[Data entries]
------
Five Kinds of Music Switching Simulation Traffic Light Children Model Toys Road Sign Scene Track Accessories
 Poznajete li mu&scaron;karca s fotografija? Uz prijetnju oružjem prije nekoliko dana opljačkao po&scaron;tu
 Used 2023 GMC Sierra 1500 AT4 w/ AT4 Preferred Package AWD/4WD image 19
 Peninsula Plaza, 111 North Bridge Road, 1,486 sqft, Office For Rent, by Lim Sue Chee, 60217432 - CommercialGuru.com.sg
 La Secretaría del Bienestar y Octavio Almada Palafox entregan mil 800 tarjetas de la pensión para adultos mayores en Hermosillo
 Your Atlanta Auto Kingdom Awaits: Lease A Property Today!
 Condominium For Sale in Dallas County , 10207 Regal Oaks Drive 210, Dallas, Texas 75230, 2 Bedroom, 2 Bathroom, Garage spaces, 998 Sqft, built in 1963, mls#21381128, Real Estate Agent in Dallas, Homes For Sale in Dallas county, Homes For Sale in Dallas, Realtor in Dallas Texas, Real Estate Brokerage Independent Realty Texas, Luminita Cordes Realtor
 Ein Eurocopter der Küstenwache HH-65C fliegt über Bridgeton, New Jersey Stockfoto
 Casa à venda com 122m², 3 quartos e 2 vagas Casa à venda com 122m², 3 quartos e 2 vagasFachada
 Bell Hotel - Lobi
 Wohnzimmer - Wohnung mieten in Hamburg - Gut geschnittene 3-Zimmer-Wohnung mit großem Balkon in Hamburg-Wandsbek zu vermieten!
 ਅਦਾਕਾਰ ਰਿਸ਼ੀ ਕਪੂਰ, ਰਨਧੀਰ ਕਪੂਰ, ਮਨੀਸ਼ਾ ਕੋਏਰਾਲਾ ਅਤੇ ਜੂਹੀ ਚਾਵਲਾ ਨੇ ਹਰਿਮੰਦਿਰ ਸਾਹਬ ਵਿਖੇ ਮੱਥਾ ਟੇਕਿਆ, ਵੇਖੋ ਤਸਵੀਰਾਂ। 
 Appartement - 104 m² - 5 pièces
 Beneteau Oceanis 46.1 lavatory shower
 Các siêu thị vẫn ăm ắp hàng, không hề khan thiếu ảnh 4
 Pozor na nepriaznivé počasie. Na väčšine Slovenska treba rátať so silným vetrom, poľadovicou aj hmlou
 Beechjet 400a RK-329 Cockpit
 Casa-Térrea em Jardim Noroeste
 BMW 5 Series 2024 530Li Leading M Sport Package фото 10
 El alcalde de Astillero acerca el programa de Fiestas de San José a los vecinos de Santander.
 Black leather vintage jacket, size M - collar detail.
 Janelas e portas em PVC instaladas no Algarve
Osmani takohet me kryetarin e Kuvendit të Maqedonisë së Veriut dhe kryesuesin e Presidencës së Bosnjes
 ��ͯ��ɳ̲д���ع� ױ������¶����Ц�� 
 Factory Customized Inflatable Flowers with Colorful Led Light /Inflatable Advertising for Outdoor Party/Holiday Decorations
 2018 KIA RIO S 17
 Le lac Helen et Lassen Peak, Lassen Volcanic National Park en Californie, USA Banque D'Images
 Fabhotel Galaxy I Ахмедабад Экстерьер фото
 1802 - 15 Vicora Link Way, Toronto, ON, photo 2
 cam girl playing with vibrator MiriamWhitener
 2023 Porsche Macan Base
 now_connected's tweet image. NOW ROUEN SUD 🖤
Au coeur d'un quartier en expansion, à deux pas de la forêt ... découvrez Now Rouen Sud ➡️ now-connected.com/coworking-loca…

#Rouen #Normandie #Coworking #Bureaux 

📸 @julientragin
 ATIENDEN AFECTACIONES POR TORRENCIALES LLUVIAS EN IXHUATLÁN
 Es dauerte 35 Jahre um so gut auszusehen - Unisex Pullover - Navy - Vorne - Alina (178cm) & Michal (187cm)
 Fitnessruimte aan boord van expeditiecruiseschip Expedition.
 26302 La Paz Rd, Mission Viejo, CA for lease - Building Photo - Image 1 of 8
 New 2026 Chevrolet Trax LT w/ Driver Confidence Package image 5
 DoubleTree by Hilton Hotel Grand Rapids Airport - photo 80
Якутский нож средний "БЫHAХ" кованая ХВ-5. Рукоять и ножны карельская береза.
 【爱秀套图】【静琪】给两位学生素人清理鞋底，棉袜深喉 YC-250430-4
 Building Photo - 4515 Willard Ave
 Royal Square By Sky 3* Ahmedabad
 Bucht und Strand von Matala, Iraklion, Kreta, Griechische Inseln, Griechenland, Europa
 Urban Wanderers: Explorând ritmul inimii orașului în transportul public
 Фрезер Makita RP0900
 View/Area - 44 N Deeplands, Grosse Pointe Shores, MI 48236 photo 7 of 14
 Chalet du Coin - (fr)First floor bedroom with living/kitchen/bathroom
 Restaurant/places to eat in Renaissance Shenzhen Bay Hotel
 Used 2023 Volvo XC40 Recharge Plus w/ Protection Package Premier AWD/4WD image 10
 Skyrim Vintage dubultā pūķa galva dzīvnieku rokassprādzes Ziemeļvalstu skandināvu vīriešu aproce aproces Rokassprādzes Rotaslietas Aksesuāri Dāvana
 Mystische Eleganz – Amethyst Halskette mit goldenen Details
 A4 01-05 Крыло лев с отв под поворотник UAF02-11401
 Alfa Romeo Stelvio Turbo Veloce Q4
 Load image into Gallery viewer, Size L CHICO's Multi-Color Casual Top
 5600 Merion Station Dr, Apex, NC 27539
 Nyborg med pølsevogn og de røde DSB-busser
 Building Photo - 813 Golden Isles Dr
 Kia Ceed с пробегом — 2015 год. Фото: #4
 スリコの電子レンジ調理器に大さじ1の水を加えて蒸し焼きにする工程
------
[Your instructions] The range runs from the line above containing "Appartement - 104 m² - 5 pièces" to the line containing "Janelas e portas", inclusive. Restate those lines word for word and no others.

[Answer box]
 Appartement - 104 m² - 5 pièces
 Beneteau Oceanis 46.1 lavatory shower
 Các siêu thị vẫn ăm ắp hàng, không hề khan thiếu ảnh 4
 Pozor na nepriaznivé počasie. Na väčšine Slovenska treba rátať so silným vetrom, poľadovicou aj hmlou
 Beechjet 400a RK-329 Cockpit
 Casa-Térrea em Jardim Noroeste
 BMW 5 Series 2024 530Li Leading M Sport Package фото 10
 El alcalde de Astillero acerca el programa de Fiestas de San José a los vecinos de Santander.
 Black leather vintage jacket, size M - collar detail.
 Janelas e portas em PVC instaladas no Algarve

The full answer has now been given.